Jenis kegiatan pembangunan di luar kehutanan yang biasanya ditempuh melalui prosedur ini contohnya antara lain: pembangunan perkebunan/pertanian, transmigrasi, pemukiman, relokasi penduduk akibat bencana alam, pembangunan wilayah perkantoran.
Penggunaan kawasan hutan yang sering dilakukan melalui prosedur pinjam pakai kawasan hutan pada dasarnya merupakan penggunaan sebagian kawasan hutan untuk kepentingan pembangunan di luar kegiatan kehutanan tanpa mengubah status, fungsi serta peruntukan kawasan hutannya.
Berdasarkan ketentuan-ketentuan yang ada terindikasi bahwa pada dasarnya penggunaan kawasan hutan hanya diperbolehkan pada kawasan HP dan Hutan Lindung (HL) saja. Khusus untuk HL tidak boleh (dilarang) melakukan kegiatan pada wilayah permukaan (contoh: tidak boleh melakukan pola penambangan secara terbuka/open pit mining).
Sedangkan prosedur pinjam pakainya ditempuh melalui 2 cara, yaitu: a) Pinjam Pakai Tanpa Kompensasi, diberlakukan hanya pada kegiatan non komersiil yang dilaksanakan dan dimiliki instansi pemerintah serta berada di wilayah provinsi yang luas kawasan hutannya lebih dari 30 % dari luas daratan provinsi yang bersangkutan; b) Pinjam Pakai Dengan Kompensasi, diberlakukan pada kegiatan penggunaan kawasan hutan yang tidak memenuhi ketentuan seperti diatur pada butir a.

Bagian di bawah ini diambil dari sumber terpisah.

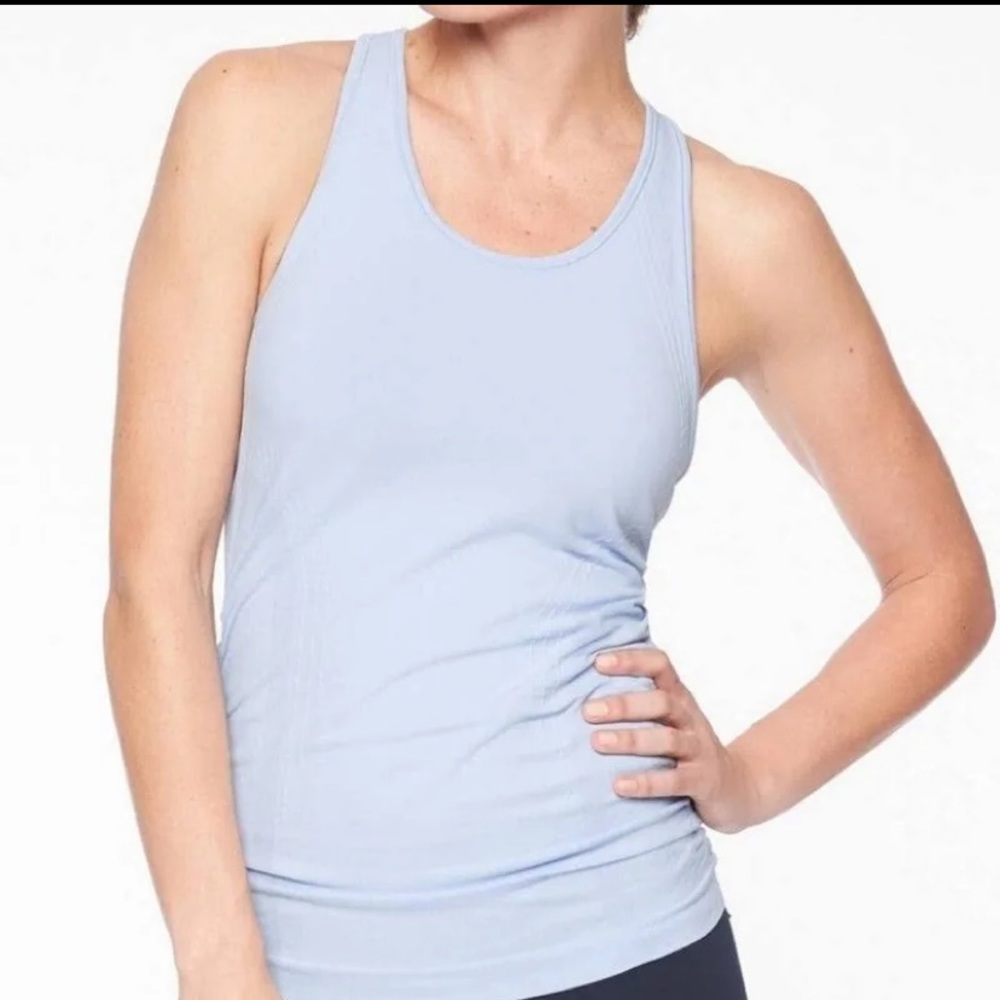 Athleta Speedlight Tank Top Light Blue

Jenis kegiatan pembangunan diluar kehutanan yang biasanya ditempuh melalui prosedur ini, contohnya antara lain: pembangunan pertambangan (batu bara, timah, nikel, emas dll), pembangunan instalasi gas dan perminyakan, pembangunan ketenagalistrikan, pembangunan jalan.
Perubahan fungsi kawasan hutan dapat diartikan sebagai perubahan suatu fungsi kawasan hutan menjadi fungsi kawasan hutan yang lainnya, contoh mudah untuk menggambarkan ini adalah perubahan fungsi kawasan hutan lindung (HL) menjadi hutan produksi (HP) atau perubahan fungsi kawasan hutan produksi (HP) menjadi Taman Nasional (TN). Perubahan fungsi ini terjadi biasanya disebabkan oleh karena suatu perkembangan yang mengharuskan suatu fungsi kawasan hutan tersebut harus dirubah, sehingga kawasan hutan tersebut dapat berfungsi sesuai dengan kondisinya. Atau terjadinya kekeliruan awal dalam penunjukan atau penetapan fungsinya sehingga dalam perkembangan terakhir kawasan tersebut perlu dirubah fungsinya.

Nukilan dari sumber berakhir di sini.